The Paley Graph with $9$ vertices I'm working out of Godsil and Royle's Algebraic Graph Theory text, and I'm trying to understand Paley graphs. My book gives as a definition the following:
Let $q$ be a prime power such that $q\equiv 1\pmod{4}$. The Paley graph $P(q)$ has as vertex set the elements of the finite field $GF(q)$, with two vertices adjacent if and only if their difference is a nonzero square in $GF(q)$.
In case it isn't clear, $GF(q)=\mathbb{F}_q$. My text also includes the following sentence:
The congruence condition on $q$ implies that $-1$ is a square in $GF(q)$, and hence the graph is undirected.
My book doesn't provide any illustrations of Paley graphs so I tried to contruct a couple. First, I made $P(5)\cong C_5$. This is very straightforward and didn't present any problems. Next, I tried to construct $P(9)$ and here I just don't understand what to do.
First, I computed the nonzero squares mod $9$. There are only three: $1,4,7$. Specifically $$
(\pm 1)^2\equiv1 \qquad 2^2\equiv 4\equiv 7^2 \qquad 4^2\equiv7\equiv5^2 \pmod{4}
$$
First, notice that by the extra note, $8$ should be a square mod $9$, but that isn't the case. I have determined that, by Fermat's Little Theorem, if $q$ is a prime number rather than a prime power, this would be true. Is my text just incorrect or am I misunderstanding something?
Second, I tried to construct the actual graph. I started by labeling $9$ vertices $0,1,\dotsc,8$ in a circle. Then because $1$ is a square, I added edges around the entire thing, making a $9$-cycle. Because a Paley graph is supposed to be strongly regular, by examining the edges of a single vertex, I gain information about every other vertex. So consider the vertex labeled $0$. From the above, there are edges $01$ and $80$. Because $4$ is a square, there should be edges $04$ and $05$. Because $7$ is a square, there should be edges $02$ and $07$. Similarly, there should be $4$ edges for each vertex in addition to the $2$ that come from $1$ being a square, each corresponding to adding or subtracting $4$ or $7$.
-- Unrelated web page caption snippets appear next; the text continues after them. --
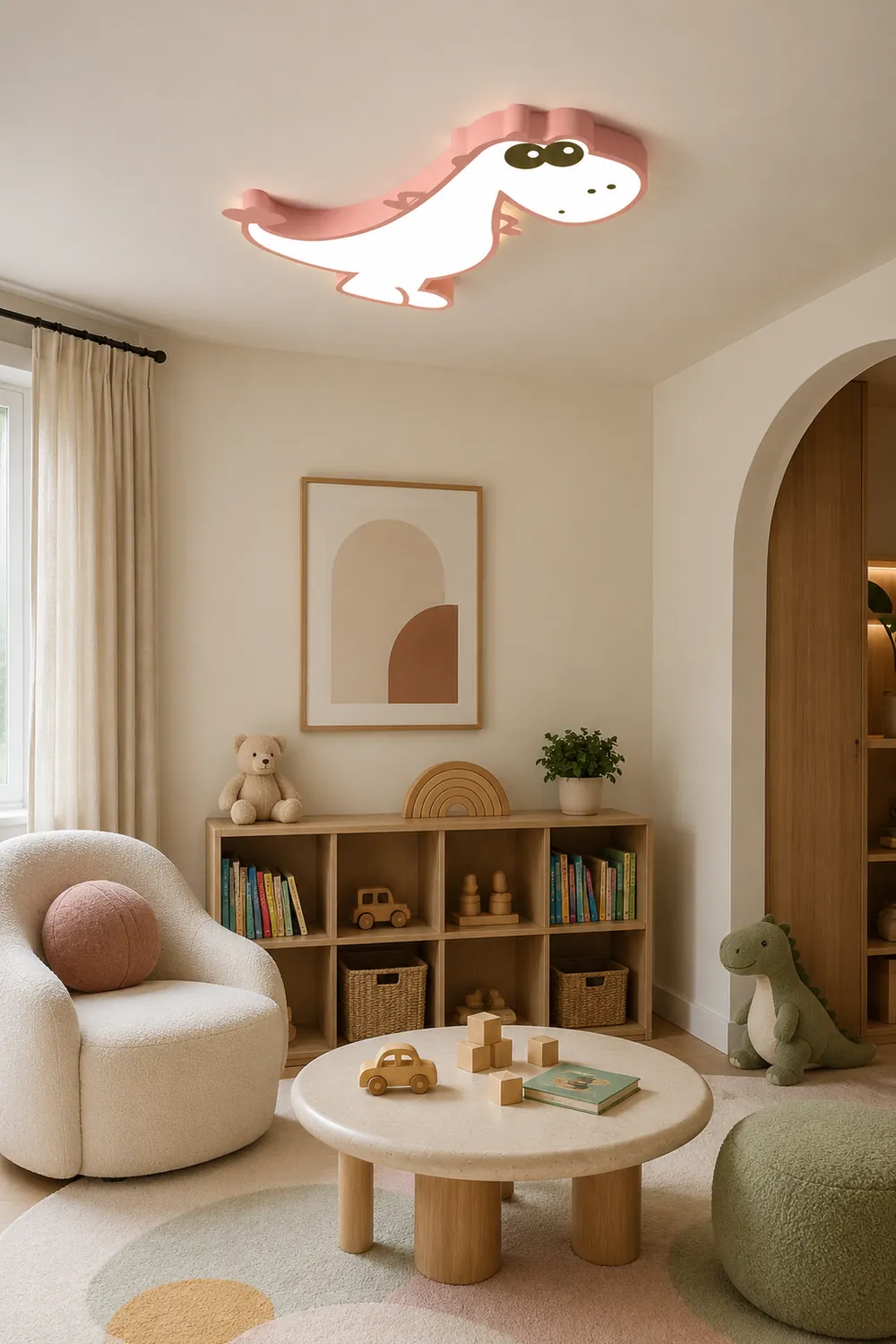 Freja Modern Cute Dragon Acrylic Children Flush Mount Ceiling Light, Green/Pink - Lumpaz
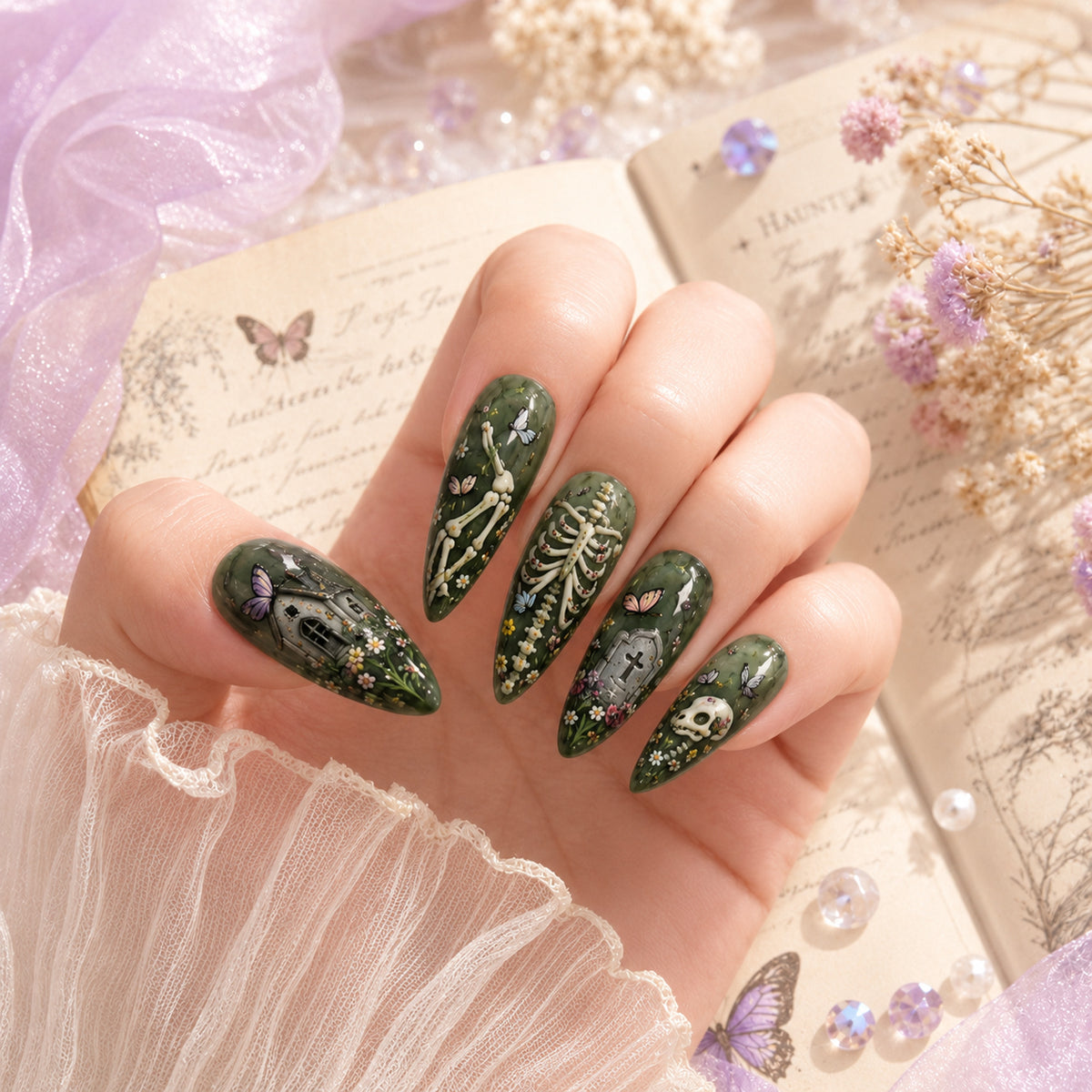 Haunted Garden 3D Handmade Press-On Nails – 6 Design Options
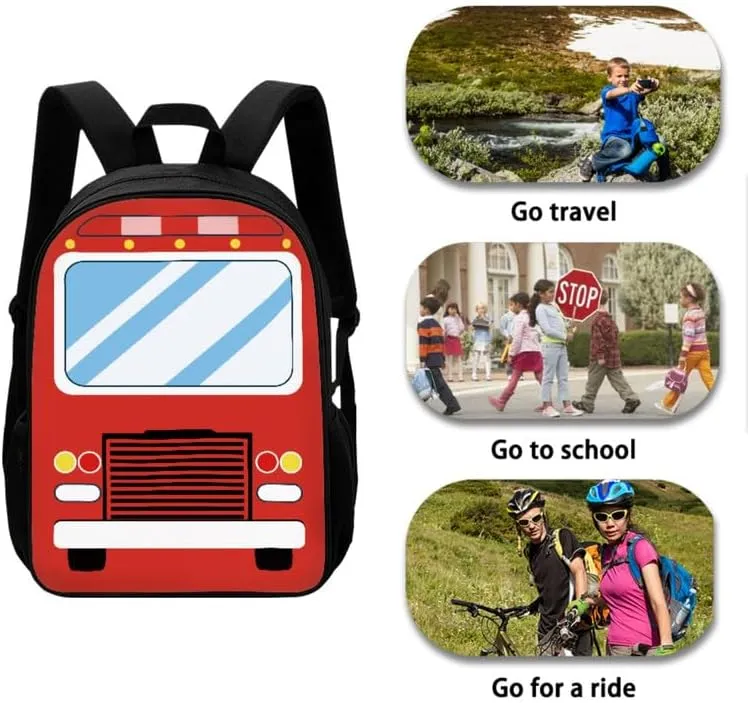Red Fire Truck Print 3 in 1 Teens School Bag Cartoon Car Casual Backpack with Lunch Bag and Pencil Bag Cute Vehicle Pattern Elementary Preschool School Book Bag
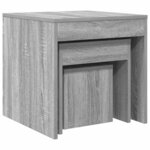 vidaXL Tables gigognes 3 Pièces Sonoma gris Bois d'ingénierie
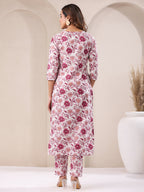 Janasya Light Cotton Floral Straight Kurta Set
However, the actual Paley graph on $9$ vertices is highly asymmetric. There's an image here (I'm not sure how to add an image to a post). http://mathworld.wolfram.com/PaleyGraph.html Labeling the northernmost vertex $0$ and labeling each consecutive vertex counterclockwise shows that there are edges $01, 08, 02$, and $04$ all incident with vertex $0$. But notice that there is not an edge $24$. However, $2-4\equiv 7\pmod{9}$ which is a square mod $9$. There are numerous additional edges that are not present, but should be according to the definition. Furthermore, $8$ is not a square mod $9$. so how can this graph be undirected? I've been playing with this for a long time and I just don't understand how the image on the link given corresponds to the $P(9)$ given by the definition. Can anyone offer any help?
 A: The field with 9 elements is not the field with elements $0, 1, 2, \ldots, 8$ mod 9.  In fact, that is not a field as fields have no zero divisors and $6^2 = 36$ is congruent to 0 mod 9.  You are assuming it is and thus most of your calculations are wrong.  See this, for example.
Thus, start with the field of 3 elements, $\{0, 1, 2\}$.  Since 2 is not a square, we know that $x^2 + 1 = 0$ has no solutions in this field.  So, let $x$ be a solution to this equation in this field.  Since nothing in $\mathbb{F}_3$ is a solution to $x^2 + 1 = 0$, this $x$ must be in some bigger field.  Since the degree of the polynomial is 2, the field has $3^2$ elements.  And, in fact the 9 elements are $\{0, 1, 2, x, x + 1, x + 2, 2x, 2x + 1, 2x + 2\}$ where $3 \equiv 0$ and $x^2 + 1 \equiv 0$.
As $x^2 + 1 \equiv 0$, we know that $x^2 \equiv -1$.  This shows that $-1$ is indeed a square!
Lastly, I would like to point out that the pictures you give for the Paley graphs show that the graphs are in fact highly symmetric, not asymmetric.  In fact, the Paley graphs are vertex transitive and strongly regular, both of which are ways to say that the graphs are pretty symmetric.